Books, People, and Addictive Stimulants

I enjoy the chain bookstores--which is where I am right now. In addition to the legal addictive stimulant that tries its best to stain my teeth and reveal my secret obsession with it, I enjoy sitting and watching people. Consider the older gentleman to my left who looks like the father of Supreme Court Chief Justice John Roberts; or how about the girl who keeps leaving all of her belongings and walking away for several minutes at a time--doesn't she realize it's the 21st century? The gentleman directly in front of me is the image of the board of trustees chairman at my former college, I expect that he's a philosopher--at least he fits the bill.

I also enjoy chain bookstores for its ability to shock me back into reality. I grow tired of fighting battle after battle in the culture war. I can't fathom how people do it for a career! But, whenever I think the world is good enough and that I can just take a back seat, I just visit my local bookstore and peruse through some of the garbage that people write--and buy!

Hidden somewhere in this store containing roughly 300,000 titles lies an obscure shelf in a backroom upon which rests the ancients who are truly worth reading, such as Dante, Socrates, or Barth, collecting dust. Instead of being encouraged to read enduring works of literary art, we are overwhelmed with big signs marketing the contemporary issues made irrelevant with the passage of a few shorts years.

I don't suggest that anyone change what they are reading for enjoyment as I myself have recently read such frivilous works as David Frum's "The Right Man". In doing so, however, I recognize that it lacks the enduring value; it's no more than a neat story.

What I do suggest is balance between literature which fades and that which endures.
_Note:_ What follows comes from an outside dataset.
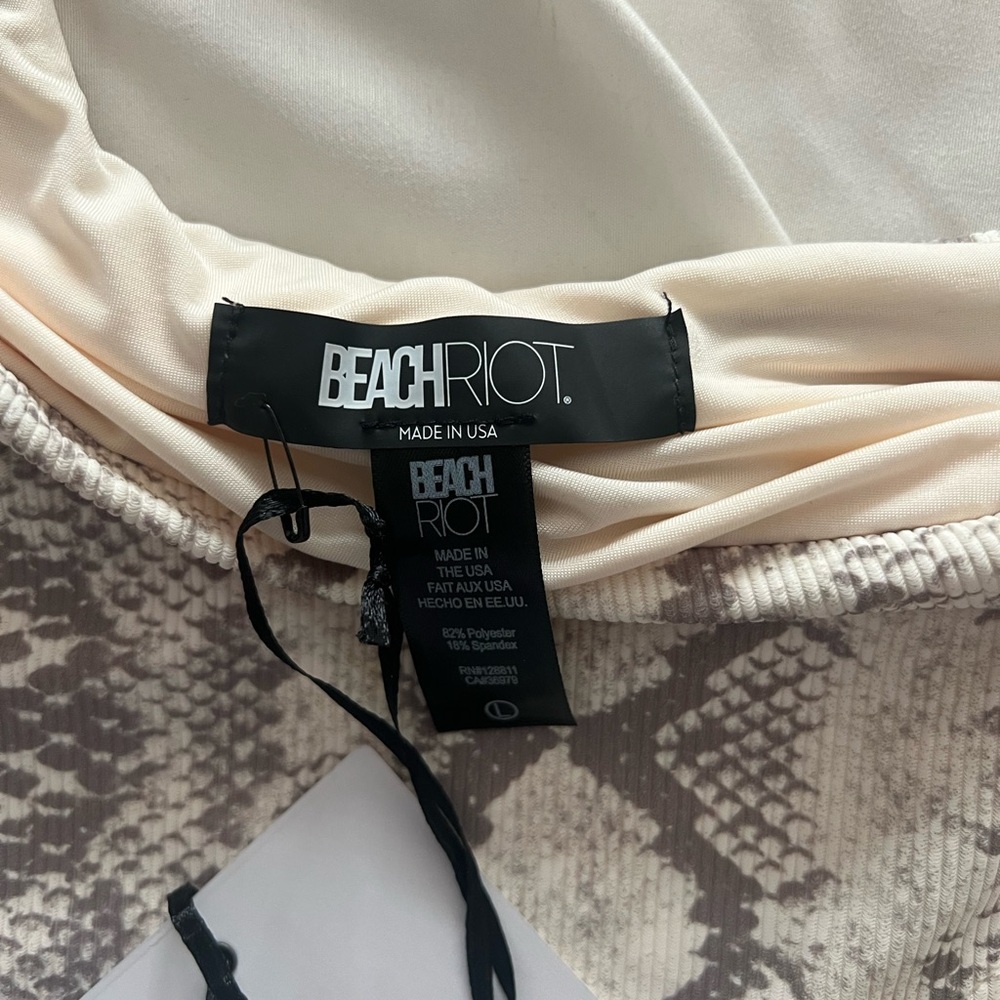 Beach Riot Celine taupe snake skin one piece bathing suit - Picture 2 of 3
Consider a few fading titles:

"American Theocracy: The Peril and Politics of Radical Religion, Oil, and Borrowed Money in the 21st Century" -- The suggestion that somehow a 'god' is sitting on the throne of America is both a gross misunderstanding of what a theocracy is and an overstated hyperbolic suggestion of reality (admittedly, this is only one aspect of the book). The author is a present-tense historicist; meaning he writes as though the current reality is significant history before 'history' judges it as worthy. This, of course, is an exceedingly difficult thing to do and most who do it fail. How credible do you view a library text published in 1980 with the words, "modern", "emerging", or "latest" in the titles? This text will probably come and go along with the rest with little or no damage done to the conscience of America.

"The End of Faith: Religion, Terror, and the Future of Reason" Flipping through this text, I find a text possibly much more damaging to the conscience of the nation. Of course, I have strong disagreements with those of other religions of atheistic perspectives, however, the logical conclusion of the author's expressed values is an anarchy at best, or worse, a relativism creating a valueless, lazy, and apathetic class of people lacking even a pragmatic ethic.
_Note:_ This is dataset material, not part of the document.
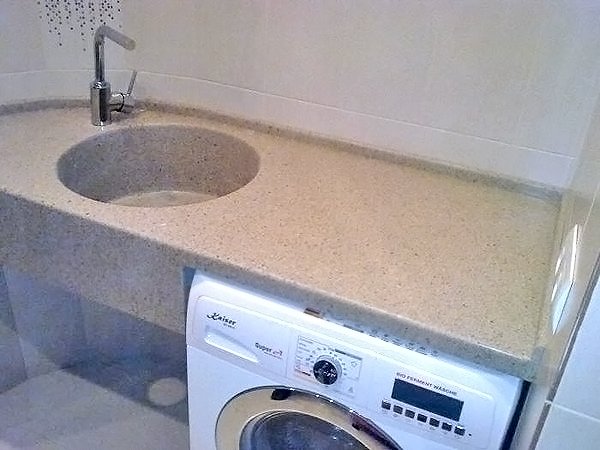 Стільниця для ванної своїми руками: використовувані матеріали і технологія самостійного виготовлення Стільниця для ванної своїми руками: використовувані матеріали і технологія самостійного виготовлення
To be sure however, I am not only critical of anti-faith books. The shelves are full of fuzzy, feel-good me-ology that lacks depth and insight. I am even more critical of them because the truth runs in them like a vein of gold through a mountainside, but you have dig through all of the refuse to reach it.
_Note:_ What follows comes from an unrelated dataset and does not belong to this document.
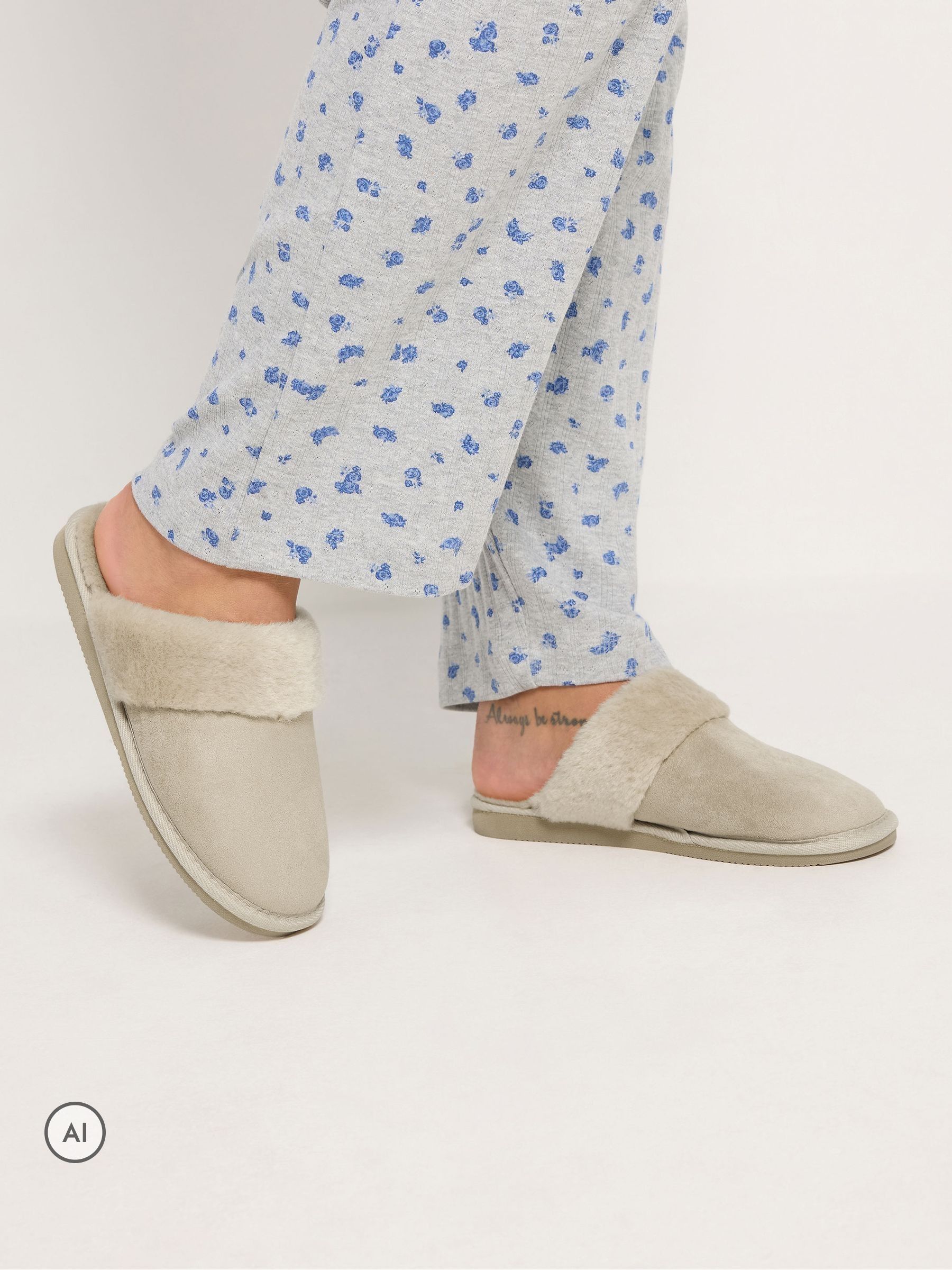 Yours Curve Women's Taupe Faux Fur Mule Slippers - Image 1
Then I visit the magazine section--geesh! With life changing so quickly, much of it is irrelevant even as it is published. The only thing that remains is special interest or racy magazines.

I estimate that less that 10% of the books here would add enduring value to a reader's life. Most of it is trash written by authors who aim to make the top-seller list and reap the rewards of our great capitalistic system. The remaining claim to represent the truth accurately and are important only as the exchange of ideas is important, but remains to be passing away. Which makes me ask myself, what endures? What endures? Interesting.

It also gives rise to another question: I wonder who may be blogging about me?

Thoughtful Readers Speak:
Would you ever try and prevent books that criticize Christianity from being published or sold? Would you ever try and prevent anybody from reading books that criticize Christianity?

I thought you didn't like elitists, yet here you are being a literary snob.
no, no, and huh?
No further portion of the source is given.